Ashton Kutcher plays a troubled young man with the strange habit of blacking out during traumatic events. The first sign everything's not hunky-dory in young Ashton's life occurs when his elementary school teacher instructs the class to make a picture of what they want to be when they grow up, and he draws a knife-wielding homicidal maniac. Proving the fallacy that in this country you can be anything you want to be, next thing we know poor Ashton's having his head examined, and the concerned doctor recommends to his mother that Ashton start keeping a journal of his daily activities. We learn later he's inherited from his father the strange ability to regress back to previous times in his life and change those events, such that when he reawakens in the present, the current situation reflects those changes. And for some reason never really explained, he needs to be reading his journals to successfully regress back.

Hence, we have the "butterfly effect," where a small change in the past brings about large (and unforeseen) changes in the present, similar to the "initial value problem" of chaos theory where the slight air disturbance from the flapping of a butterfly ends up resulting in a hurricane somewhere down the line. I can't resist pointing out The Simpsons did a hilarious take-off on this premise in one of their Halloween specials. (I also can't resist pointing out that, yes, I recognize the filmmakers are mistakenly conflating two separate concepts here. The "butterfly effect" of chaos theory is technically not the same as the time travel effect. Perhaps the confusion arose because it's the death of a butterfly which brings about sweeping changes in the future in Ray Bradbury's similarly themed A Sound of Thunder.)

As you might guess, Kutcher's meddling with the past produces unwanted results, causing him to return to events gone by over and over again in the hopes his latest effort will truly set matters straight. It's here, once we finally understand what's going on, that the movie shines. There are snippets of humor and irony, such as when Kutcher wakes up to find he's now the frat boy type he previously loathed, and another time when he abruptly ends his latest effort with a dismissive, "Well, that didn't work." But more impressively, the film delves into the various upward and downward paths taken by the lives of Kutcher and his friends as a result of each "adjustment" he attempts. Seeing the contrast in the life of his girlfriend Amy Smart, in one reality a beautiful sorority queen and another a low price drug-addicted hooker, sure makes one reflect on how people end up in the situations they find themselves in. In another reality, Kutcher's friends are all leading happy lives, but his own is miserable. Should he go back and change things once more, or sacrifice his own happiness for the sake of those he loves? I won't give away the answer, except to say the film deals with the question in an honest and straightforward manner.

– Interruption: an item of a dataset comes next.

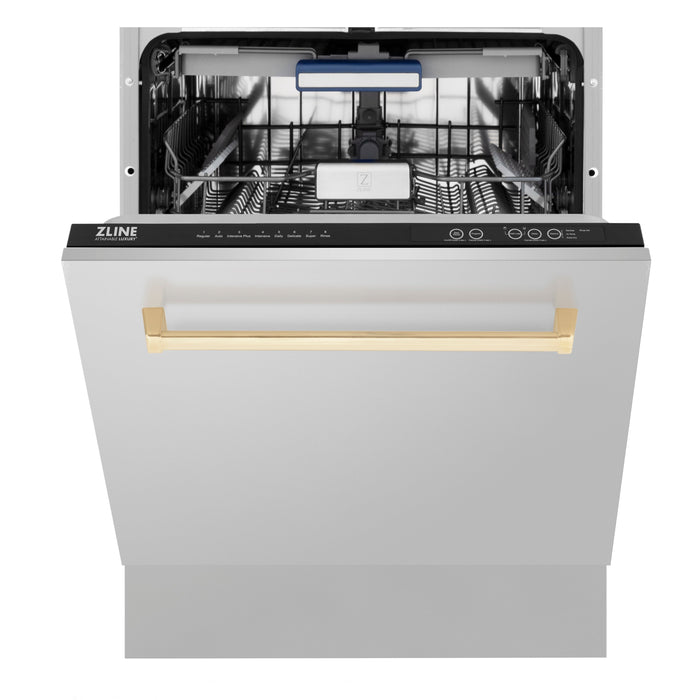 ZLINE Autograph Edition 24 in. 3rd Rack Top Control Tall Tub Dishwasher in Stainless Steel with Polished Gold Handle, 51dBa (DWVZ-304-24-G)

Ultimately, the film's good points surpass its bad. Still, I couldn't help wishing its early clunkiness (and an unnecessary prison sequence where every jailhouse cliché ever committed to celluloid is shamelessly paraded onstage one after another) had been replaced with a better crafted approach to the story. Kutcher's inherited "gift" is really just an ultra-convenient plot device to develop the philosophical issues the filmmakers wish to explore, and some viewers may feel shortchanged by the sloppy way in which it's handled. The ideas are there, but the technique could use some polishing. At least the Nazis didn't return to power, and in time travel movies that's always something to be thankful for.